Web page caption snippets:

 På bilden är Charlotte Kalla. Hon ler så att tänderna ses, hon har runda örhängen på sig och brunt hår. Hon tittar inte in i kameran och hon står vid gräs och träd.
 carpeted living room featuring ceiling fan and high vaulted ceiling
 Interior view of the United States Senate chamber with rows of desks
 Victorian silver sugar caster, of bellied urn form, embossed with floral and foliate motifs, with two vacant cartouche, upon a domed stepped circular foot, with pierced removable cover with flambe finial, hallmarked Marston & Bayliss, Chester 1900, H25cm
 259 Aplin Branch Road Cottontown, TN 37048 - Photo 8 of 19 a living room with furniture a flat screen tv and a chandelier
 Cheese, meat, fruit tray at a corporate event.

Task details:
Retype all of the records above, keeping them identical.

Written reply:
 På bilden är Charlotte Kalla. Hon ler så att tänderna ses, hon har runda örhängen på sig och brunt hår. Hon tittar inte in i kameran och hon står vid gräs och träd.
 carpeted living room featuring ceiling fan and high vaulted ceiling
 Interior view of the United States Senate chamber with rows of desks
 Victorian silver sugar caster, of bellied urn form, embossed with floral and foliate motifs, with two vacant cartouche, upon a domed stepped circular foot, with pierced removable cover with flambe finial, hallmarked Marston & Bayliss, Chester 1900, H25cm
 259 Aplin Branch Road Cottontown, TN 37048 - Photo 8 of 19 a living room with furniture a flat screen tv and a chandelier
 Cheese, meat, fruit tray at a corporate event.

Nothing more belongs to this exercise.